#### Data segment ####

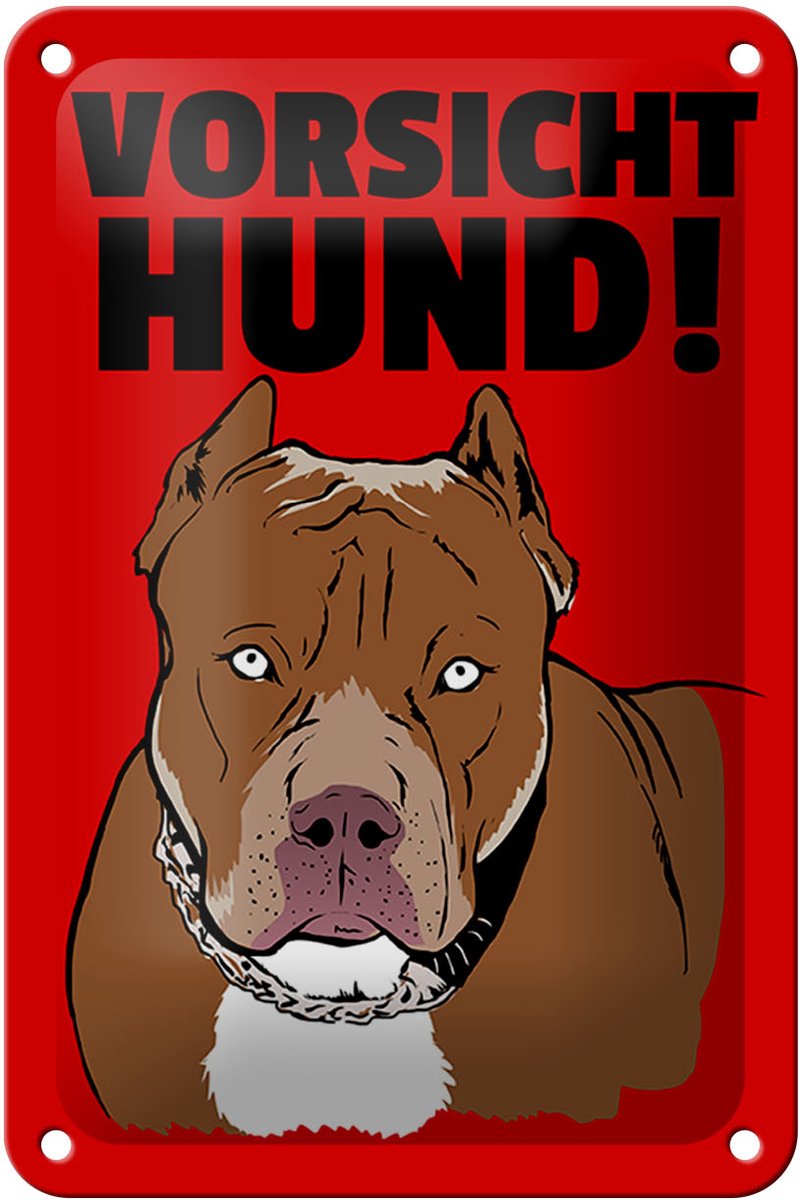 Blechschild Hinweis 12x18cm Vorsicht Hund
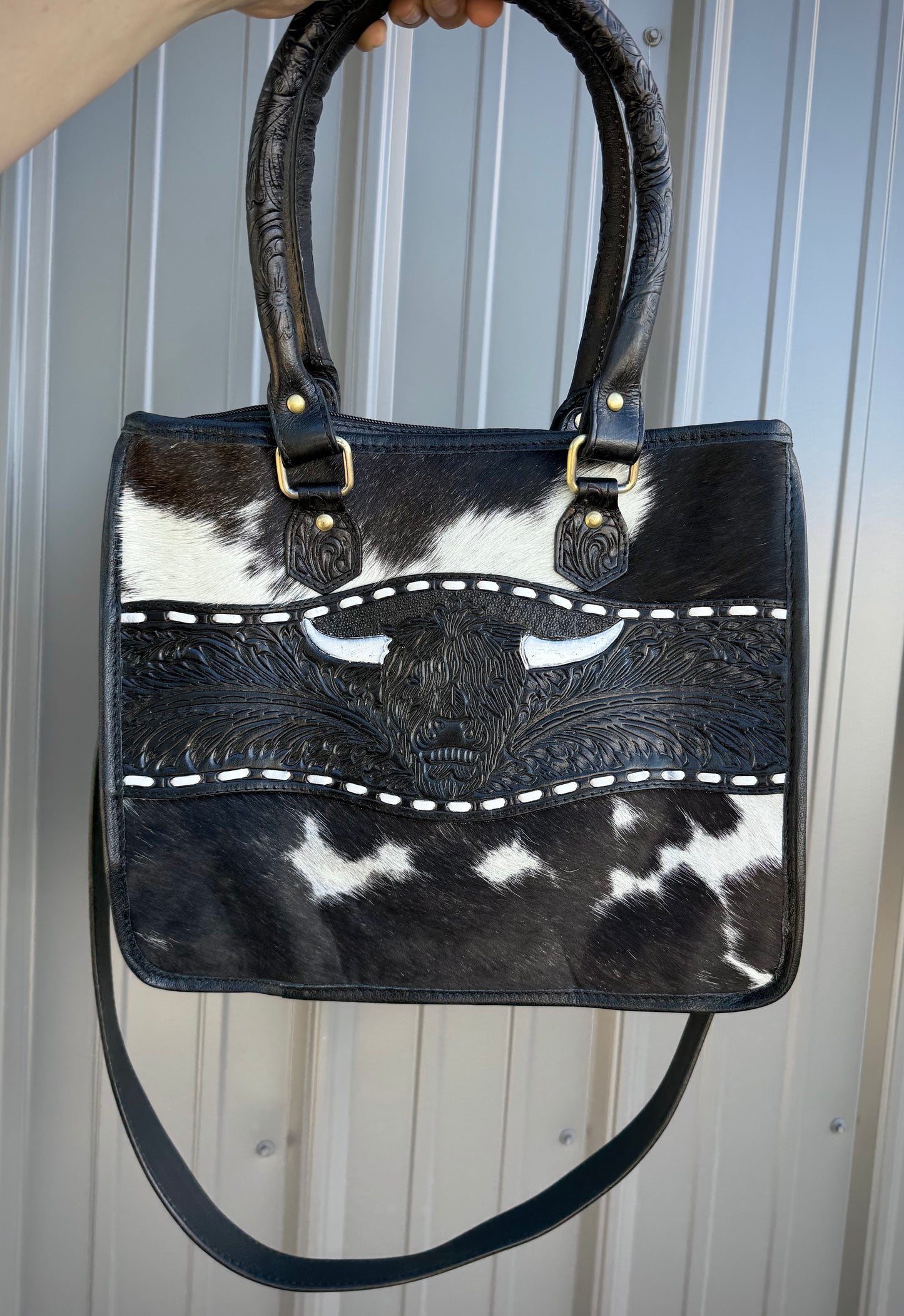 Black Tooled Genuine Cowhide Highland Cow Purse with Crossbody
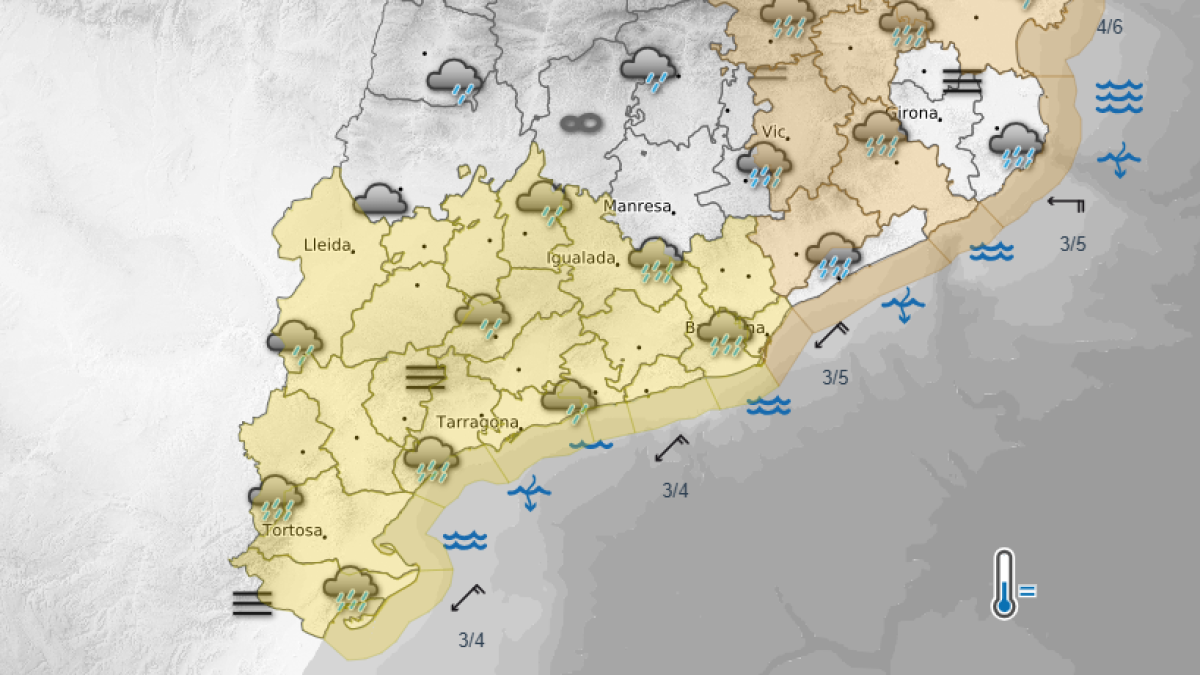 Mapa de predicció del Meteocat per a aquest divendres a Catalunya.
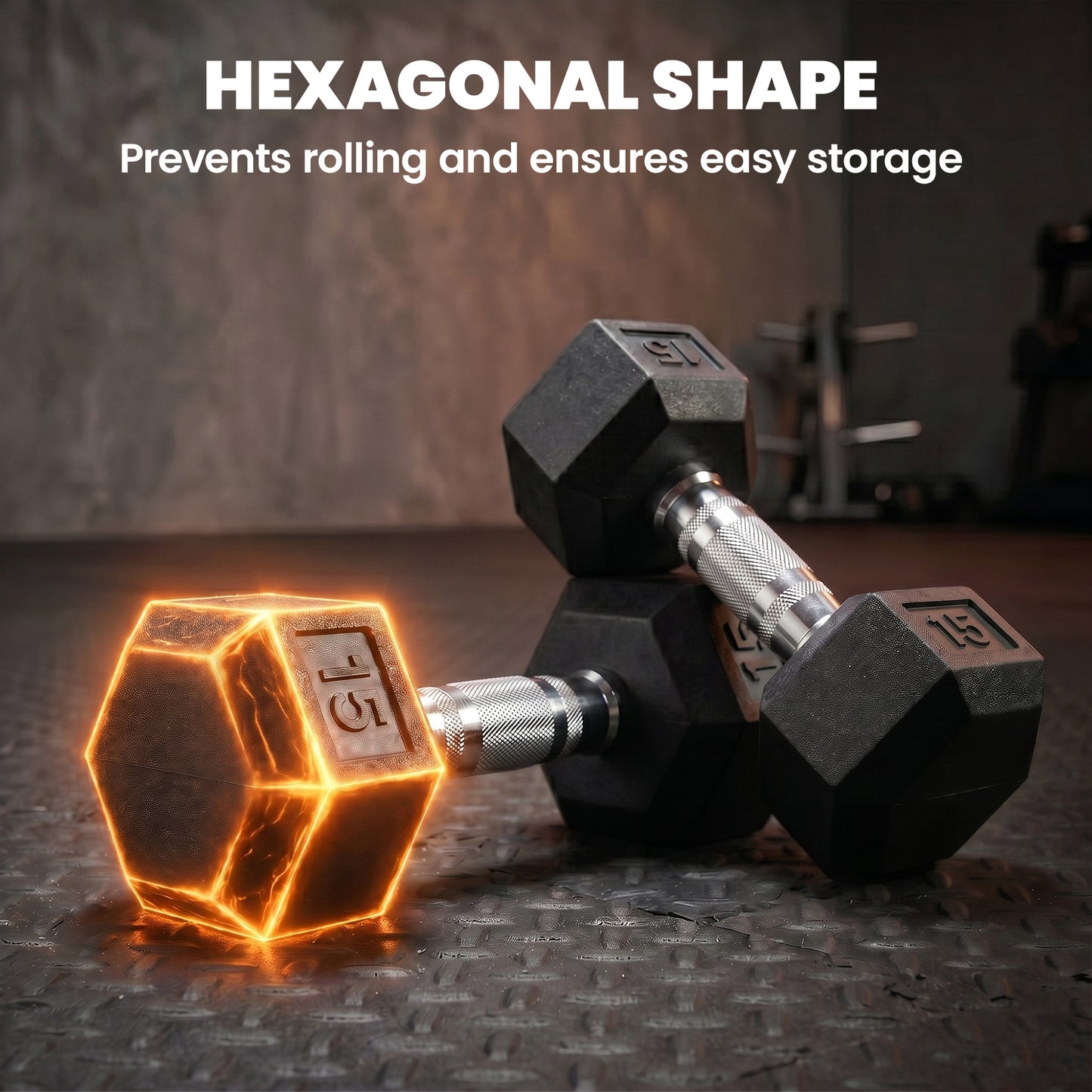 Haltères hexagonaux en caoutchouc 15 lb — paire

####

=== What is needed ===
Pictures stay out; the data above is to be returned exactly.

=== Exercise solution ===
 Blechschild Hinweis 12x18cm Vorsicht Hund
 Black Tooled Genuine Cowhide Highland Cow Purse with Crossbody
 Mapa de predicció del Meteocat per a aquest divendres a Catalunya.
 Haltères hexagonaux en caoutchouc 15 lb — paire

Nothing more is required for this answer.